EXERCISE MATERIAL:
◇ ◇ ◇
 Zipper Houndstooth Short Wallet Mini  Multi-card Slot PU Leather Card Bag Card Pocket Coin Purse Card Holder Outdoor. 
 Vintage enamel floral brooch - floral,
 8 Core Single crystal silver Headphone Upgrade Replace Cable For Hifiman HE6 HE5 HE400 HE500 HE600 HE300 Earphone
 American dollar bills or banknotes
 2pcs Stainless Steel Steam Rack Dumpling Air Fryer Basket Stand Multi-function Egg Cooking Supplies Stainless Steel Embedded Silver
◇ ◇ ◇
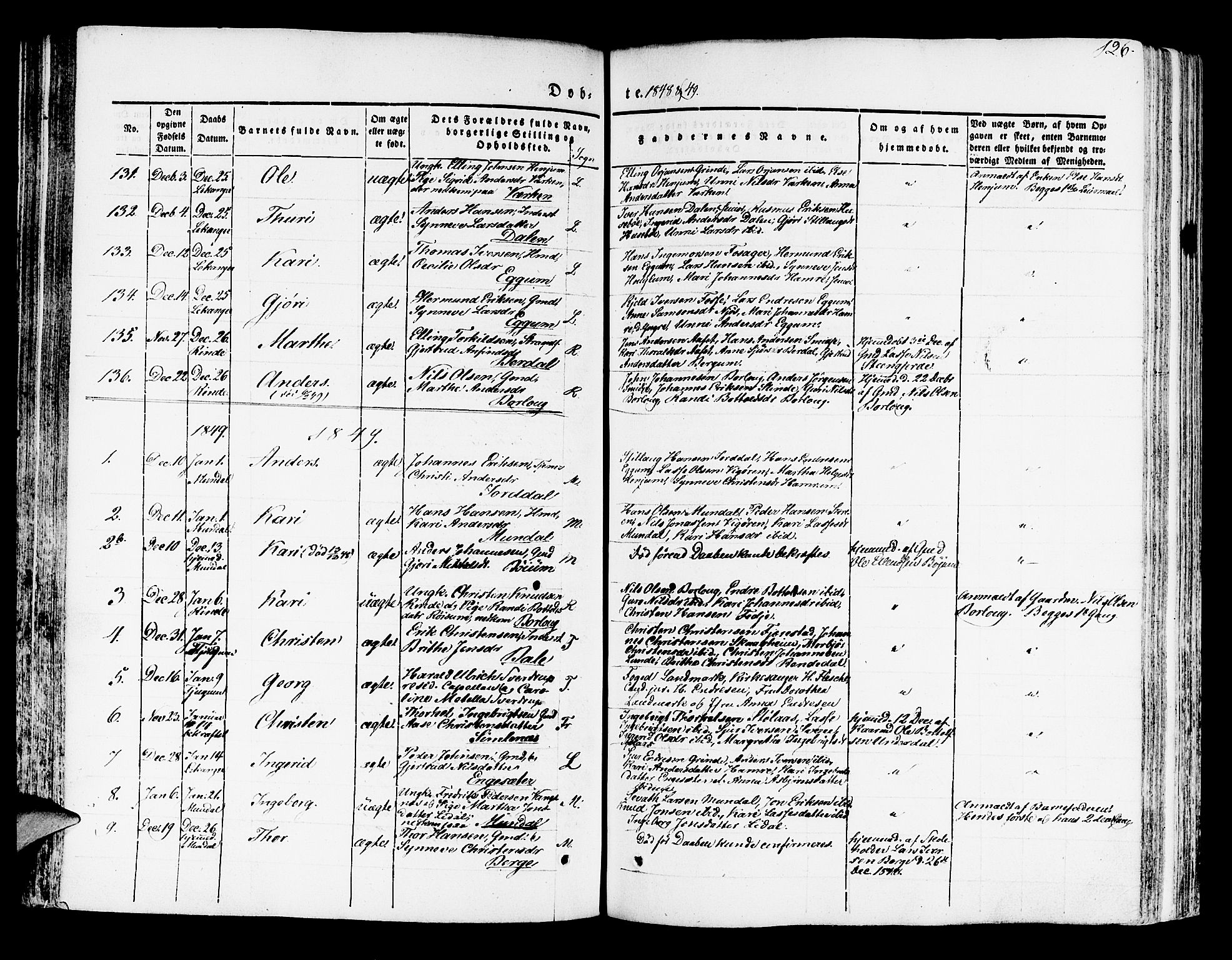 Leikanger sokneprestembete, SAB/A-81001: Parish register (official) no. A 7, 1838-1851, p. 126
◇ ◇ ◇
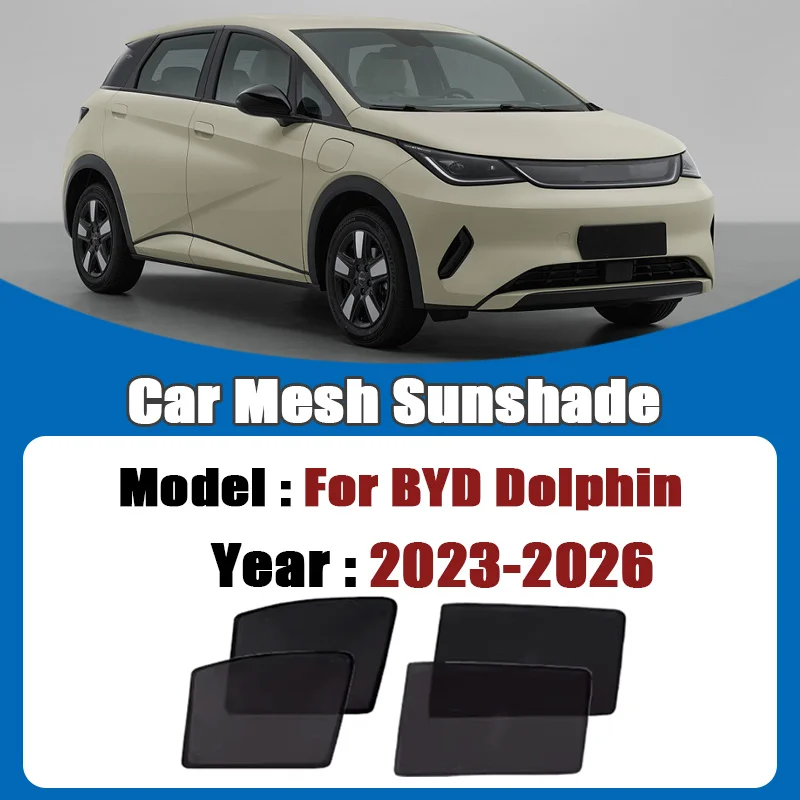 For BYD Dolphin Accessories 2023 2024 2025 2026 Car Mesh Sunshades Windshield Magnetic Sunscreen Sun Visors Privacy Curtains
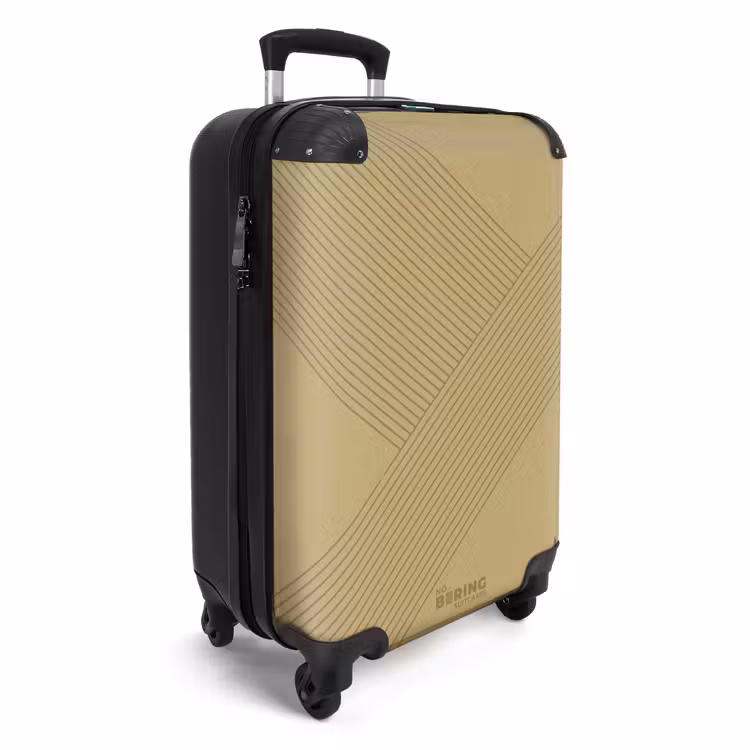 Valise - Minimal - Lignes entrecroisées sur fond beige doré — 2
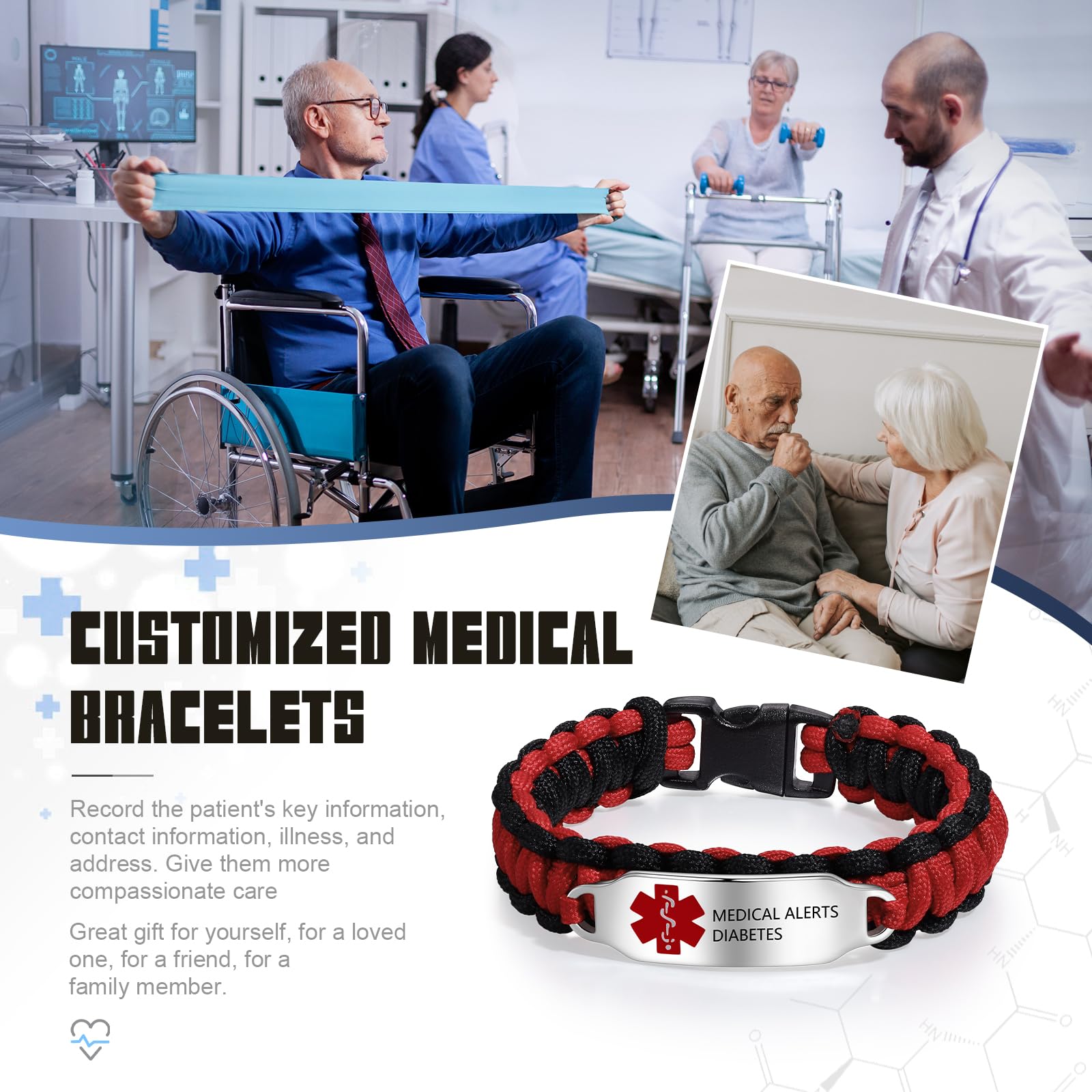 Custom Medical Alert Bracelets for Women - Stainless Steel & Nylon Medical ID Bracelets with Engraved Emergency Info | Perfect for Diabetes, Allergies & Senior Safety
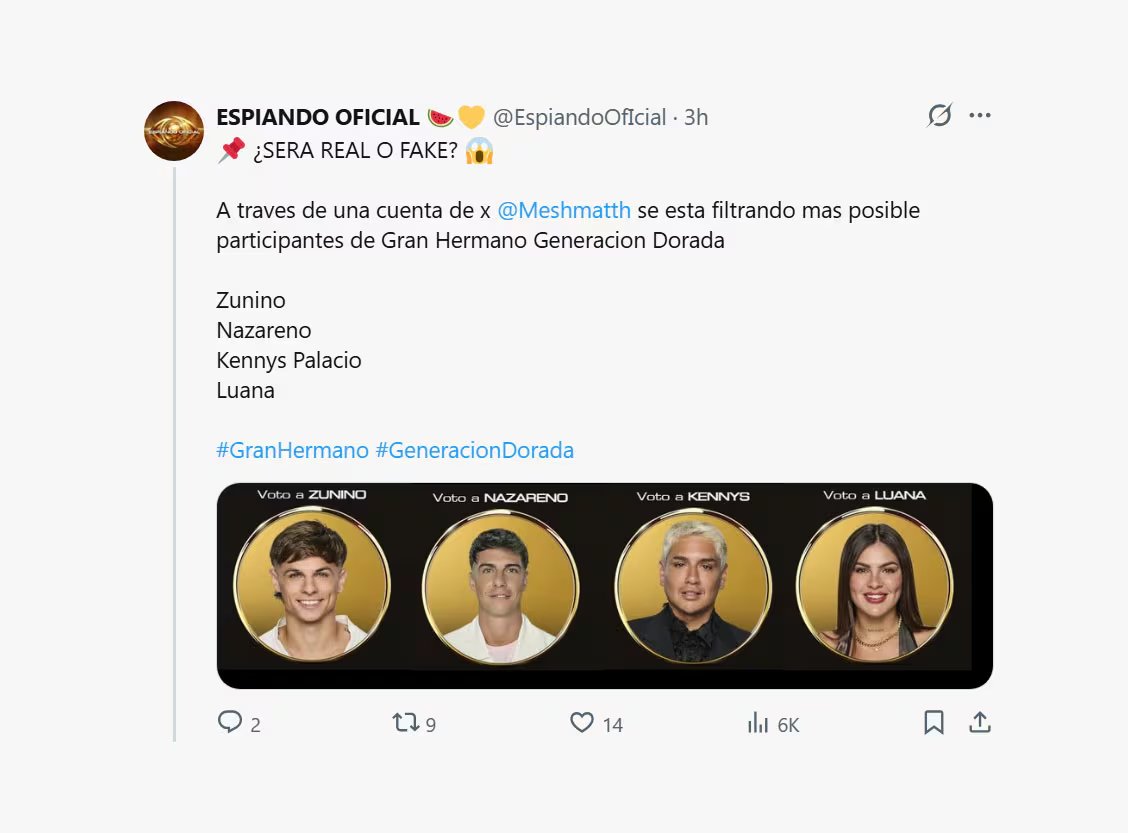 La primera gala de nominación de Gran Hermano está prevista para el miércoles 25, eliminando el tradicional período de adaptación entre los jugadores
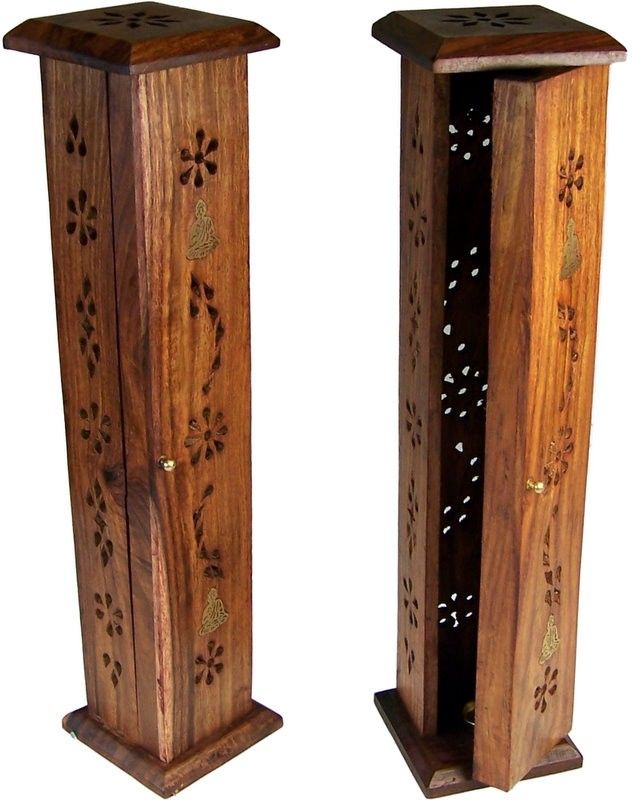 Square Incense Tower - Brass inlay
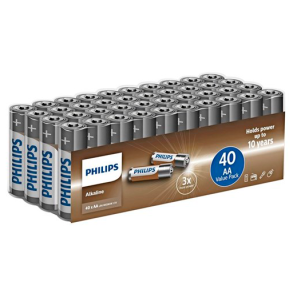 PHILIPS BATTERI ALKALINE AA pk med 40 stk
◇ ◇ ◇
WHAT THE EXERCISE ASKS: Write out exactly the run of lines above that starts at the line containing "La primera gala" and ends at the line containing "PHILIPS BATTERI ALKALINE AA pk med 40 stk". Include both, and leave the pictures out.

EXERCISE OUTPUT:
 La primera gala de nominación de Gran Hermano está prevista para el miércoles 25, eliminando el tradicional período de adaptación entre los jugadores
 Square Incense Tower - Brass inlay
 PHILIPS BATTERI ALKALINE AA pk med 40 stk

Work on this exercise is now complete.